Below is a listing. Write out exactly its lines between the one holding "Rainbow spinning tops" and the one holding "2016 Mercedes-Benz E", inclusive.

» Available data
*** Begin section ***

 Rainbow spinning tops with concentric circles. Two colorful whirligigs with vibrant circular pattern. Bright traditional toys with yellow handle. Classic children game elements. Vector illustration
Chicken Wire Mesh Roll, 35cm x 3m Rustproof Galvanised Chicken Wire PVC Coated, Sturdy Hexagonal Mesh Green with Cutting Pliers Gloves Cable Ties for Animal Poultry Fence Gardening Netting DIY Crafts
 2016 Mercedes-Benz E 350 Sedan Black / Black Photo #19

*** End section ***
*** Begin section ***

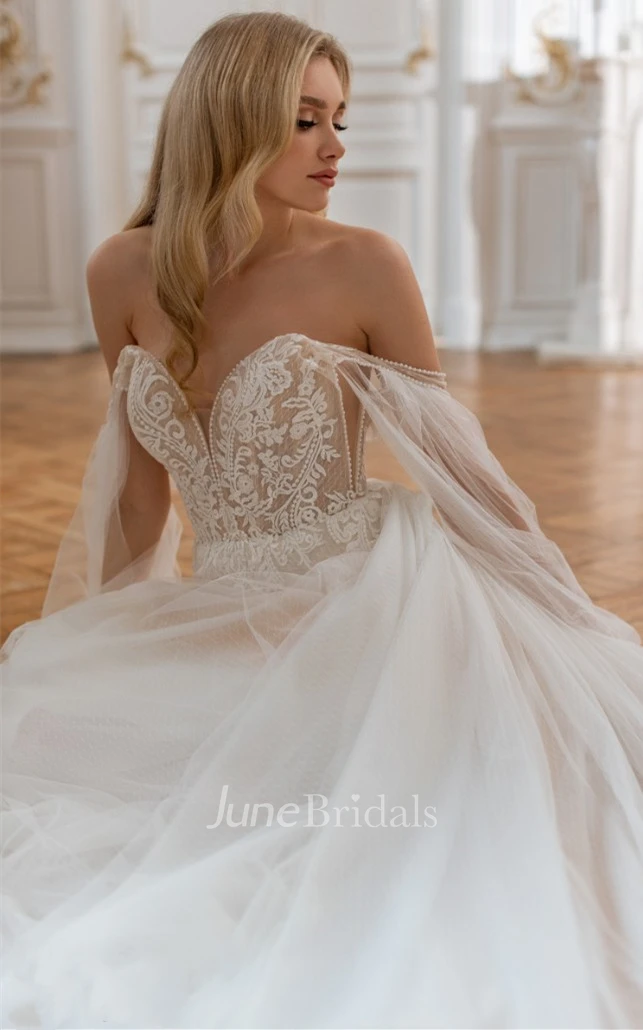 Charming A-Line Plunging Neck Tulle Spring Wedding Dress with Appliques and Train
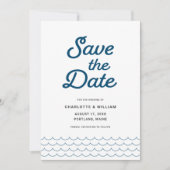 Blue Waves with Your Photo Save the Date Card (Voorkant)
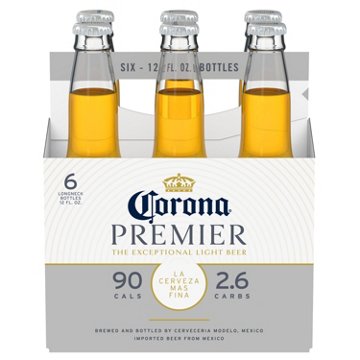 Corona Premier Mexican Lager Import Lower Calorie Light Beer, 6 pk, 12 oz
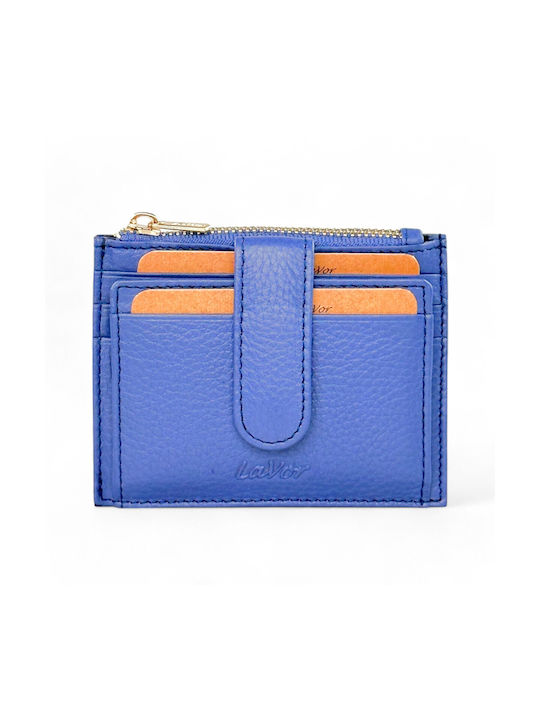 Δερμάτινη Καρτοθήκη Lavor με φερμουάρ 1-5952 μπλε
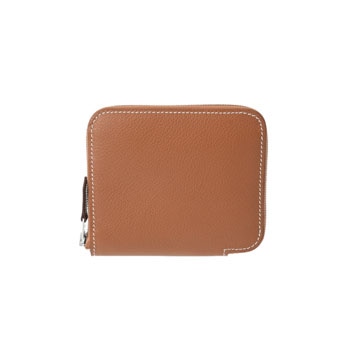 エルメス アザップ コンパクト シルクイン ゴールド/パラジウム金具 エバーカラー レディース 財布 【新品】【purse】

*** End section ***
*** Begin section ***

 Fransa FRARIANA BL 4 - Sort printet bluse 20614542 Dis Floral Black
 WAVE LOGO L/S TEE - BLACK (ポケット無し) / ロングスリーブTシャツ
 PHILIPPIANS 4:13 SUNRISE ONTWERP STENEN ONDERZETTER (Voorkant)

*** End section ***

» Written response
 Rainbow spinning tops with concentric circles. Two colorful whirligigs with vibrant circular pattern. Bright traditional toys with yellow handle. Classic children game elements. Vector illustration
Chicken Wire Mesh Roll, 35cm x 3m Rustproof Galvanised Chicken Wire PVC Coated, Sturdy Hexagonal Mesh Green with Cutting Pliers Gloves Cable Ties for Animal Poultry Fence Gardening Netting DIY Crafts
 2016 Mercedes-Benz E 350 Sedan Black / Black Photo #19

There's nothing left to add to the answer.